= Work instruction =
Copy exactly the lines from the beginning of the data down to and including the line holding "For supplies, a", without any pictures.

= Record set =
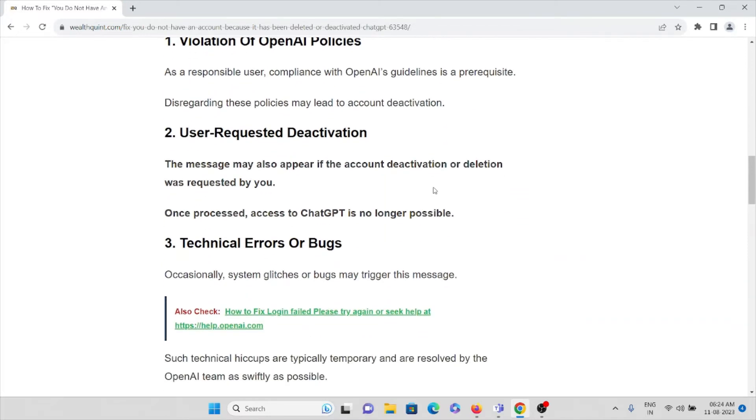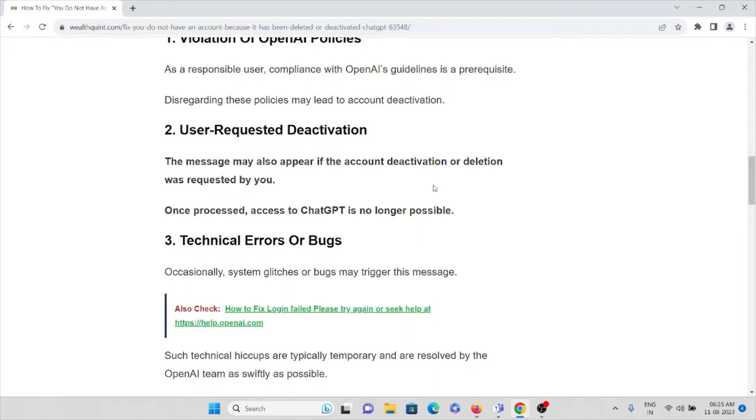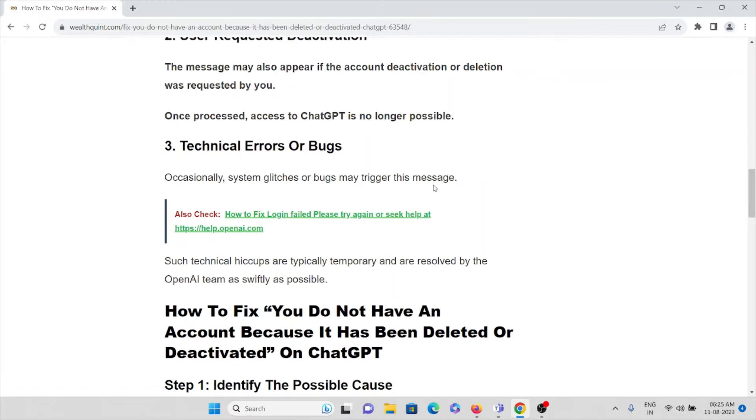The third cause is technical errors or bugs. Occasionally, system glitches or bugs may trigger this kind of message. Such technical hiccups are typically temporary and can be resolved by the OpenAI support team as swiftly as possible.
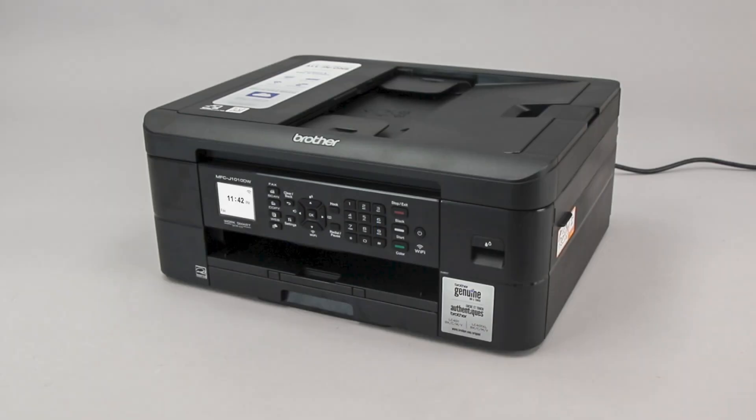Wi-Fi Protected Setup, better known as WPS, will enable your Brother machine to connect to your wireless router with the push of a button.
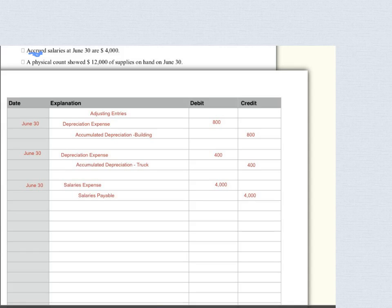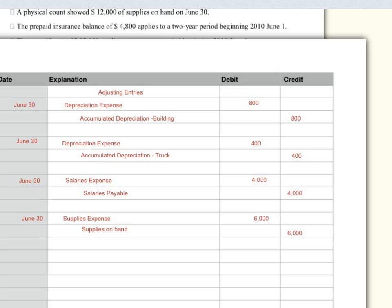For supplies, a physical count showed $12,000 supplies on hand in June. I check my records and see that I had $18,000 before, so I must have used up $6,000. The journal entry is: debit supplies expense $6,000, credit supplies on hand $6,000.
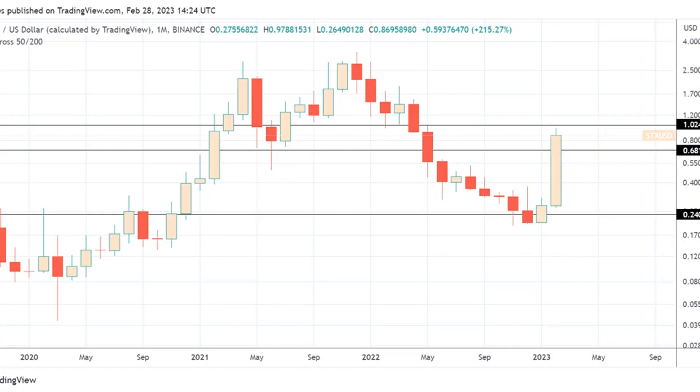Here's why STX, CFX, SSV, AGIX, and GRT are the top-performing assets in February, despite Bitcoin's muted monthly performance.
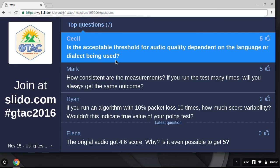From online questions: is the acceptable threshold for audio quality dependent on the language or dialect being used? No — in this case we're comparing waveforms, so it doesn't matter what language or dialect is being used, which is very helpful.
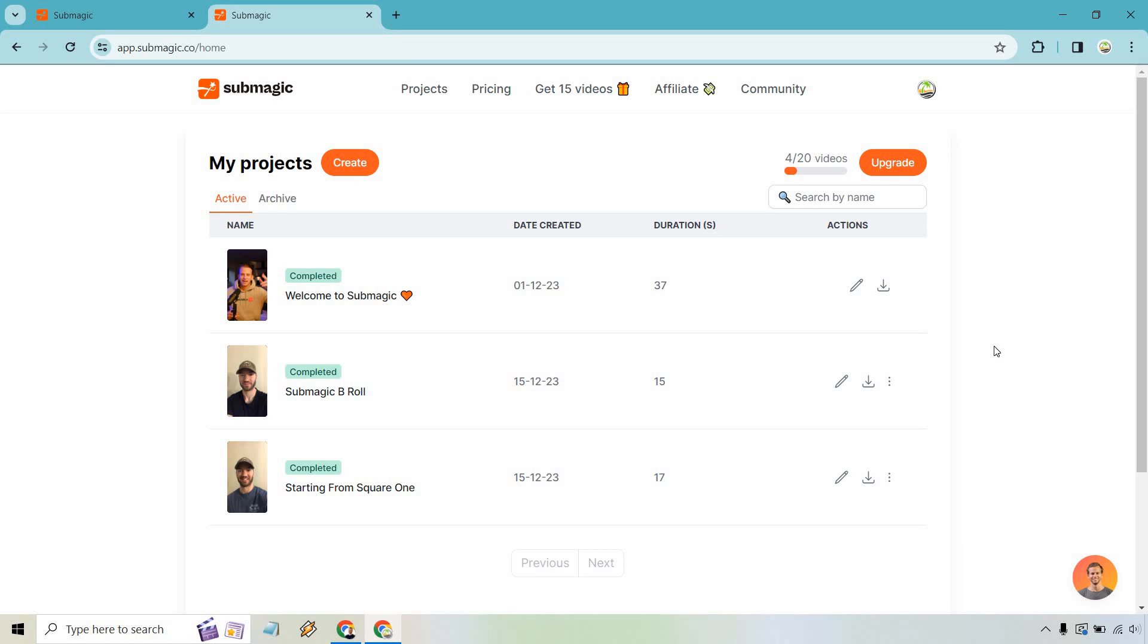If you have any questions feel free to leave a comment down below, and of course should you want to upgrade my coupon code is island where you can save a little bit of money. My name is James, thank you so much for watching and I will see you in my next video.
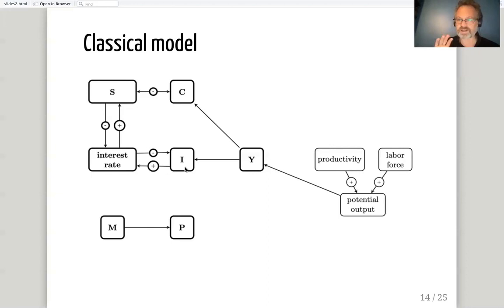I'm going to stop here and then pick up in a second video on the Keynesian model.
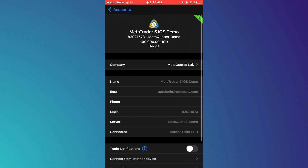Here, you can start exploring the features of the app and begin trading with your virtual funds to practice and learn how MetaTrader 5 works. So that's basically how you can open a demo account on MetaTrader 5. And that's it for this video.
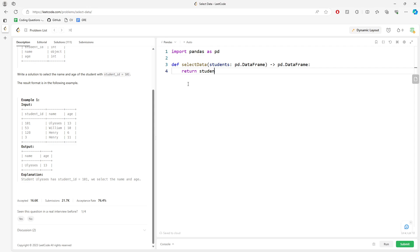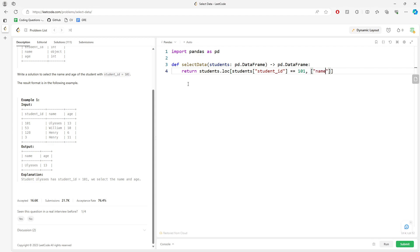You can just call students.log and then filter the students where student ID equals 101. The columns you want to retrieve are name and age.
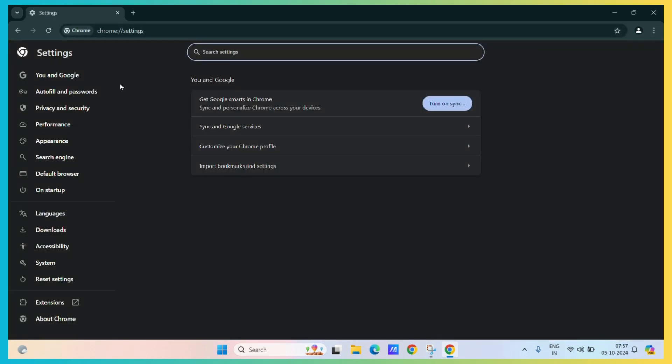Under settings, you can see the performance tab. Click on the performance tab.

= Answer to this task =
The third cause is technical errors or bugs. Occasionally, system glitches or bugs may trigger this kind of message. Such technical hiccups are typically temporary and can be resolved by the OpenAI support team as swiftly as possible.
Wi-Fi Protected Setup, better known as WPS, will enable your Brother machine to connect to your wireless router with the push of a button.
For supplies, a physical count showed $12,000 supplies on hand in June. I check my records and see that I had $18,000 before, so I must have used up $6,000. The journal entry is: debit supplies expense $6,000, credit supplies on hand $6,000.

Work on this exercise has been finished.